# [Your objective]
Working from the records below, return word for word the line that contains "Collectie decors en" and each line after it, ending with the last. Skip all pictures.

——————

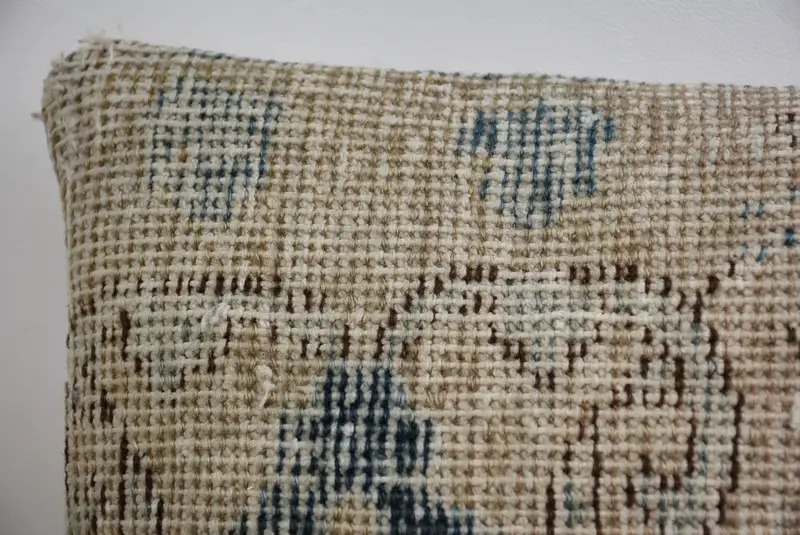 Sofa Cushion, Cushion Case, Designer Throw Pillow Sham, Turkish Pillow, Handwoven Pillow Cover Pillow, Kilim Pillow, Boho Pillow, 12x12 Blue Cushion - 2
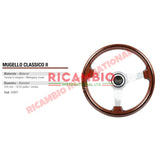 Luisi ’Mugello Classico’ Mahogany Wooden Steering Wheel - Fiat Lancia Alfa Romeo - Steering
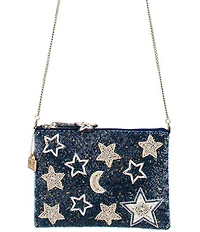 Mary Frances Super Nova Star Print Beaded Crossbody Bag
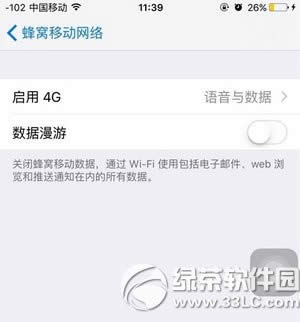 ƻ6sõ绰ʱ4gʧΰ iphone6sͨ4g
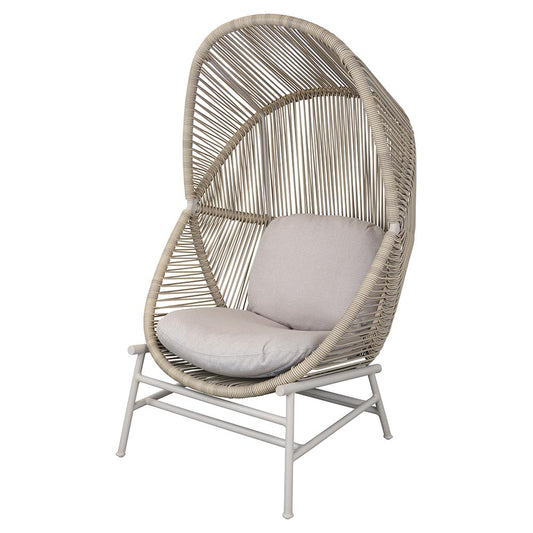 Hive Outdoor Chair - Sand Cushions, Sand Weave Chair, Sand Aluminum Base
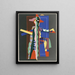Collectie decors en kleuren Pl13 - Georges Valmier — ingelijst kunstwerk aan de muur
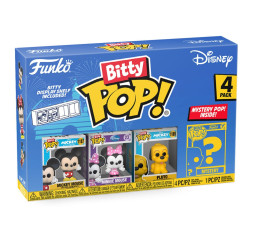Funko Bitty POP Disney Mickey 2cm 4pak – figurki kolekcjonerskie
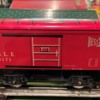 Marx B&amp;LE boxcar red side view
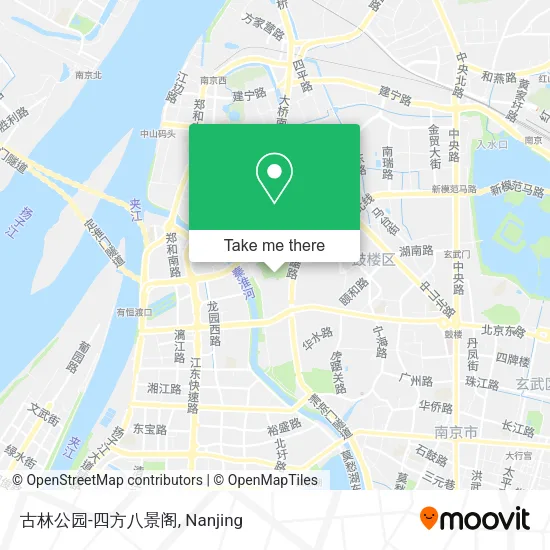 古林公园-四方八景阁 map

——————

# [Response to this exercise]
Collectie decors en kleuren Pl13 - Georges Valmier — ingelijst kunstwerk aan de muur
Funko Bitty POP Disney Mickey 2cm 4pak – figurki kolekcjonerskie
 Marx B&amp;LE boxcar red side view
 古林公园-四方八景阁 map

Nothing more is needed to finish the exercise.